● Exercise material:

-- Opening Marker --

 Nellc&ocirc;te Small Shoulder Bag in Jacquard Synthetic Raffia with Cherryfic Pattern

-- Closing Marker --
-- Opening Marker --

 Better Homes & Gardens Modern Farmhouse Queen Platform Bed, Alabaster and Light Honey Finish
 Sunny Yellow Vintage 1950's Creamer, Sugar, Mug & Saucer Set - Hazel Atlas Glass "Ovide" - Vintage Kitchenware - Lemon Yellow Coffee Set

-- Closing Marker --

● Task instructions:
Keep both end lines and retype everything in the records above from the line containing "Better Homes &" through the line containing "Sunny Yellow Vintage", exactly, with nothing else.

● Result:
 Better Homes & Gardens Modern Farmhouse Queen Platform Bed, Alabaster and Light Honey Finish
 Sunny Yellow Vintage 1950's Creamer, Sugar, Mug & Saucer Set - Hazel Atlas Glass "Ovide" - Vintage Kitchenware - Lemon Yellow Coffee Set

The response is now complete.